全体:46.4㎝ X 196.5㎝、本紙(紙本):34.7㎝ X 131.8㎝。戦前。
【仙波太郎】(せんばたろう、安政二(1855)年ー昭和四(1929)年)伊予(現、松山市)生れ。没落した庄屋の出身で、苦学して陸軍士官学校、大学校を卒業し、職業軍人となる。同郷の秋山好古と同期。陸軍中将。桂太郎・宇都宮太郎とともに陸軍の三太郎と称された。衆議院議員。
中国の南宋時代の政治家、詩人、范成大(1126-1193)の「臘月村田楽府十首」の一節です。
『天行己過来萬福』
天行已(すで)に過ぎ、万福来る。
天の運行が順調に進んでいて、あらゆる福がやってくる。
太陽、月、星など天体は、太古から現在に至るまで,絶え間なく,整然と正しくめぐりつづけている。人間も、このように、絶えることなく、自ら努め、励んで、健やかで確実な歩みを続けることが肝要だ。

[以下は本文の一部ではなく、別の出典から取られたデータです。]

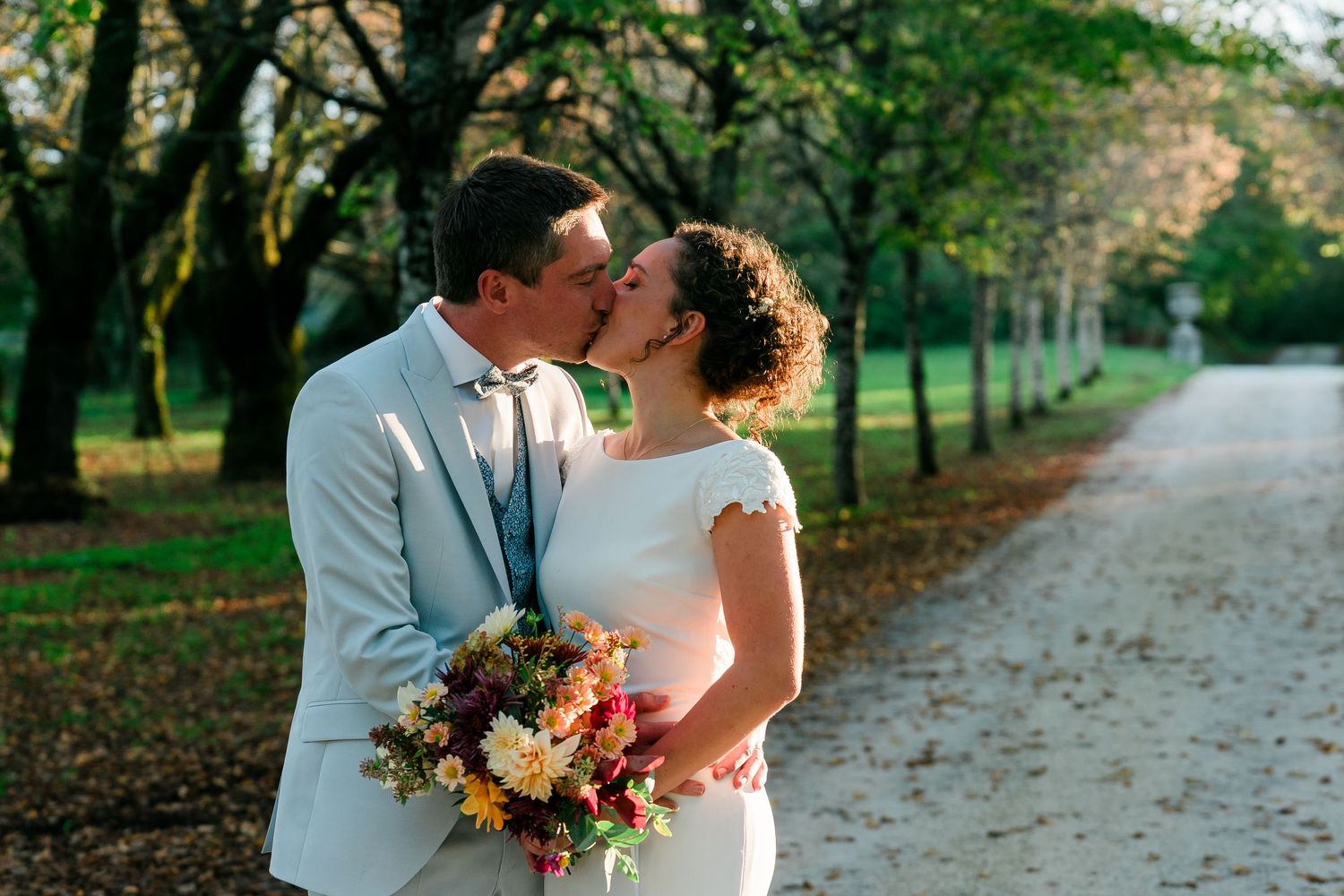 Newlyweds share a romantic kiss on a tree-lined path while holding a floral bouquet.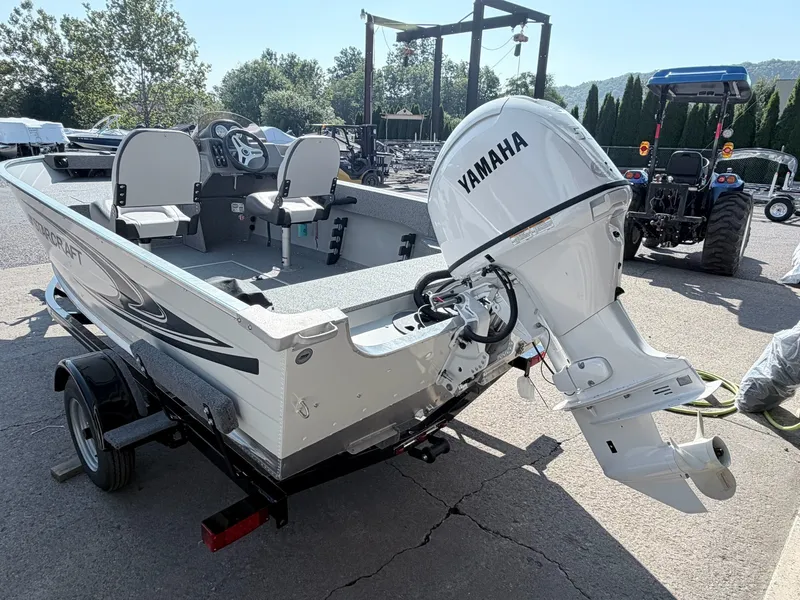 Slide: The Image of A Starcraft 16 Patriot DLX SC boat with a Yamaha outboard motor on a trailer. - 23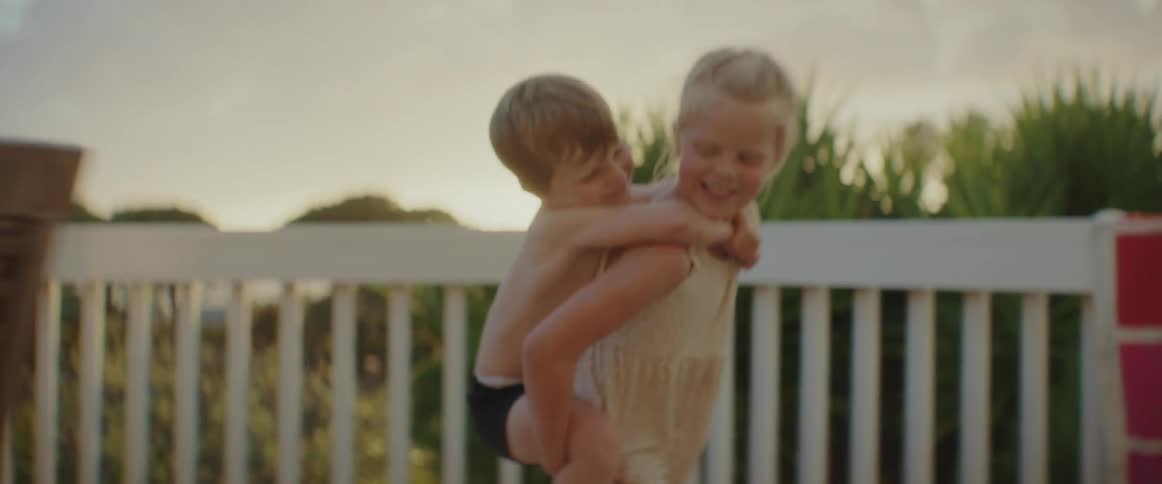 A girl gives her brother a piggyback ride across their patio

仙波太郎の名を知っている人は多くないと思います。同郷の秋山好古とは友人で司馬遼太郎の小説『坂の上の雲』にも登場します。質実剛健の軍人ながら、幅広い見識をそなえた人物であったようです。退役後は、岐阜市に住み、社会活動に貢献しました。書は、子供の頃から郷土の鬼才、三輪田米山に学んだだけあって、玄人はだしです。今回の「天行己過来萬福」は、自分に言い聞かせていたフレーズかも知れませんね。
ちなみに、私の妻の実家と彼の出身家は、すぐ近くです。地元の家々では仙波太郎の書が大切にされ、人々からは、今も、仙波太郎さんとよばれ尊敬されています。
仙波さんについて少しググったら軍人なのに軍国主義的な考えではなく当時では珍しく今の時代にいそうな人格者のようですね!
ご近所さんの偉人の書は単なる骨董ではなくまた違った価値を見出せますね!
ご当地骨董いいですね(^^)
今の時代にもあてはまる歴史の教訓ですね。
奥様の実家の近くの出身なのですね。
また、退役後は、遅生さんの近くに住んで社会活動に貢献したのですね。
そのような繋がりがあるのですか。
遅生さんご夫妻にとっては身近な存在の方でもあるわけなのですね(^_^)
こういう人が身近にいたのも、偶然とはいえ、不思議です。
それから最近知ったのですが、誰でも知っている正岡子規、やはり伊予の出身ですが、その養子の正岡忠三郎と言う人は実に興味深い人物です。普通の人であることに徹して、子規全集をまとめあげました。生きること自体が詩人であった無名の明治人です。